Understanding a Private GKE Cluster
In GCP, a private GKE cluster is a Kubernetes cluster where the control plane (master) and nodes have restricted access, with no public IP addresses assigned to them. The key features of a private GKE cluster include:
- Private Nodes: Nodes are deployed without public IP addresses, ensuring that they are only accessible from within the VPC.
- Private Control Plane (Master): The GKE control plane is accessed through internal IP addresses within the VPC, with no public endpoint.
- VPC Peering and Private Services Access: For private communication with Google services such as Google Cloud Storage or Pub/Sub, VPC peering or Private Service Access can be configured.
For more details, refer to the Google Cloud documentation on private GKE clusters.
Infrastructure Preparation
Network Configuration
Before deploying the GKE cluster, you must configure the Virtual Private Cloud (VPC) network. This network will support the private cluster and provide secure communication with Google Cloud services.
VPC Setup:
- Create a VPC with sufficient IP ranges to accommodate your cluster and future expansion.
- Configure subnets within the VPC, ensuring that the primary subnet for GKE nodes is large enough to handle pod IP allocations. A
/22
subnet is recommended for the primary node subnet to allow for growth.
Subnet Configuration:
- Primary Subnet: Allocate a
/22
subnet for GKE nodes, ensuring that all nodes reside within this subnet to avoid cross-subnet communication costs. - Private Service Access: Enable Private Service Access to connect the VPC to Google-managed services without exposing data to the public internet.

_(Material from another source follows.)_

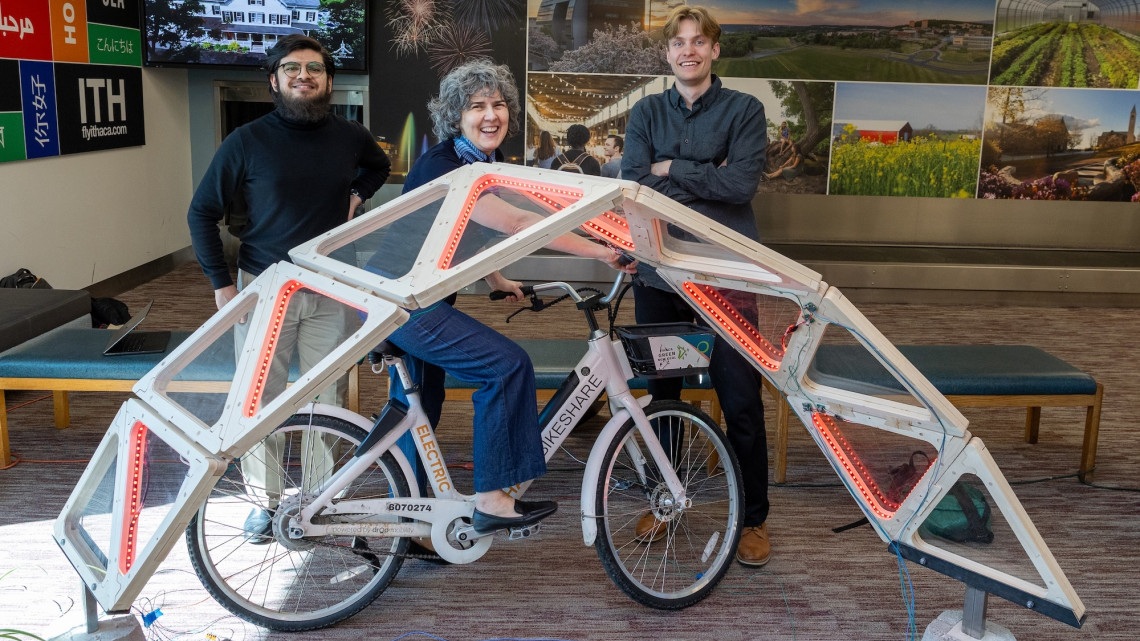 three people pose behind an LED arch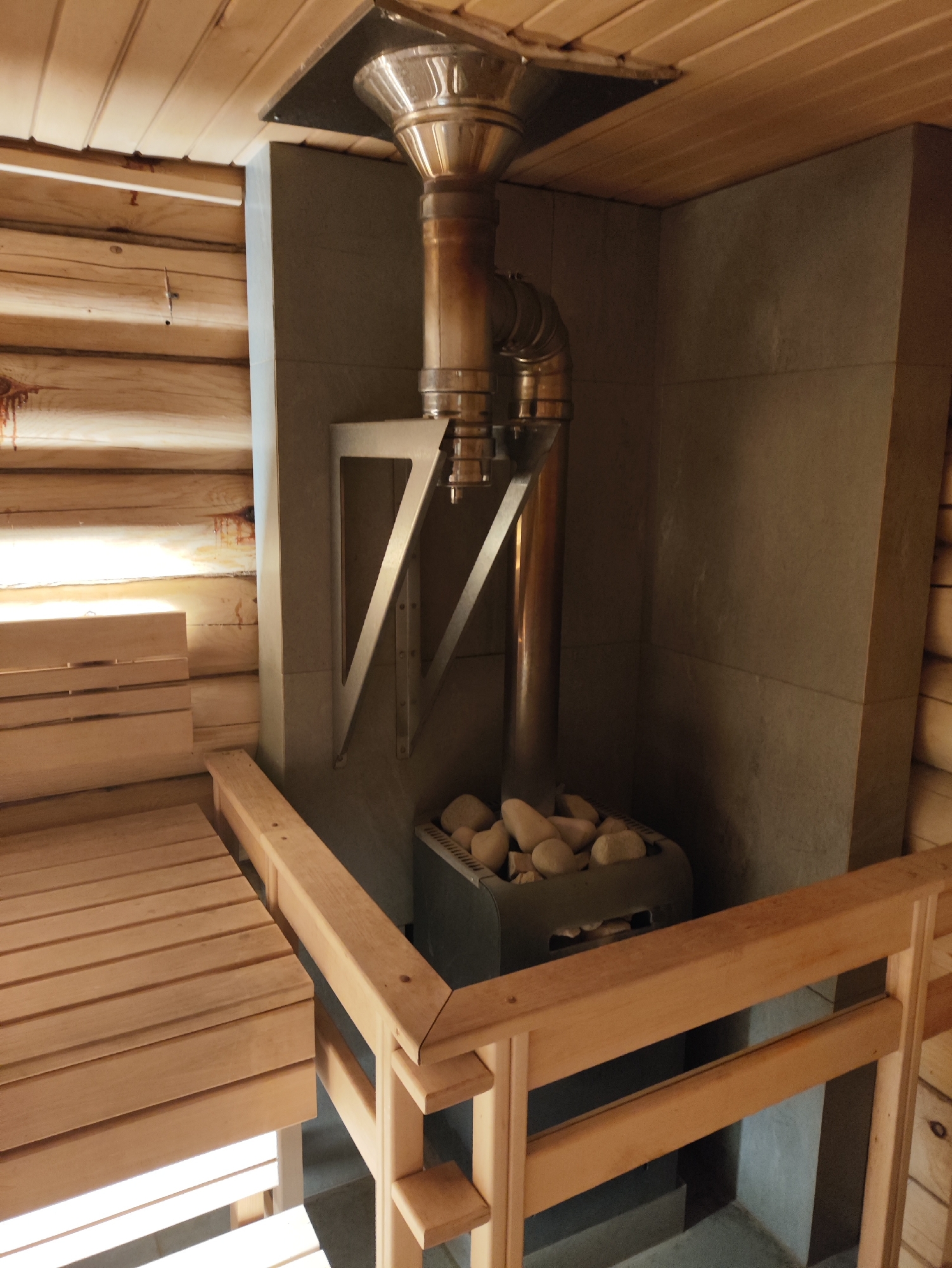 The image depicts the interior of a traditional Russian banya (sauna) in the village of Staroye Martyánovo, Russia. The scene is dominated by natural wood construction, with log walls and a slatted wooden ceiling. In the center of the image, a stainless steel sauna stove is visible, filled with stones. A metal chimney system extends upwards from the stove and connects to an opening in the ceiling. To the left, wooden benches are arranged, providing seating within the sauna. The overall impression is one of rustic simplicity and traditional design, typical of a rural Russian sauna. There are no people or animals present in the image.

- Primary Subnet: Allocate a
Firewall Rules:
- Create firewall rules to allow internal communication between GKE nodes and necessary Google Cloud services. For private installations, ensure that no public ingress is allowed, and restrict egress as needed.
GKE Cluster Deployment
The GKE cluster must not be created in Autopilot mode, as it prevents the creation of the different node pools that are required to run the Yellowbrick Data Warehouse. Only standard GKE clusers are supported.
GKE Cluster Configuration
When deploying the GKE cluster, the following settings are required:
Cluster Version:
- The GKE cluster must be created with Kubernetes version 1.30 or later.
Regional cluster:
- The GKE cluster must be regional, with only a single availability zone.
Private Endpoints:
- Enable private control plane and nodes, ensuring that all communication occurs within the VPC. Disable the public endpoint to ensure full privacy.
Node Configuration:
- Place all GKE nodes within the primary private subnet. This helps to minimize data transfer costs and improve security by keeping all communication within the VPC.
- One of the node pool must have the Kubernetes Label
cluster.yellowbrick.io/node_type: yb-operator
and that node pool must have at least one node available, or have auto-scaling enabled.
Networking
- The network access must be private
- The DNS Configuration must be using Kube-dns.
Security
- Workload identity must be enabled.
The following settings are recommended but not mandatory:
- Enable NodeLocal DNSCache
- The Yellowbrick Data Warehouse will have better performances with this local DNS cache.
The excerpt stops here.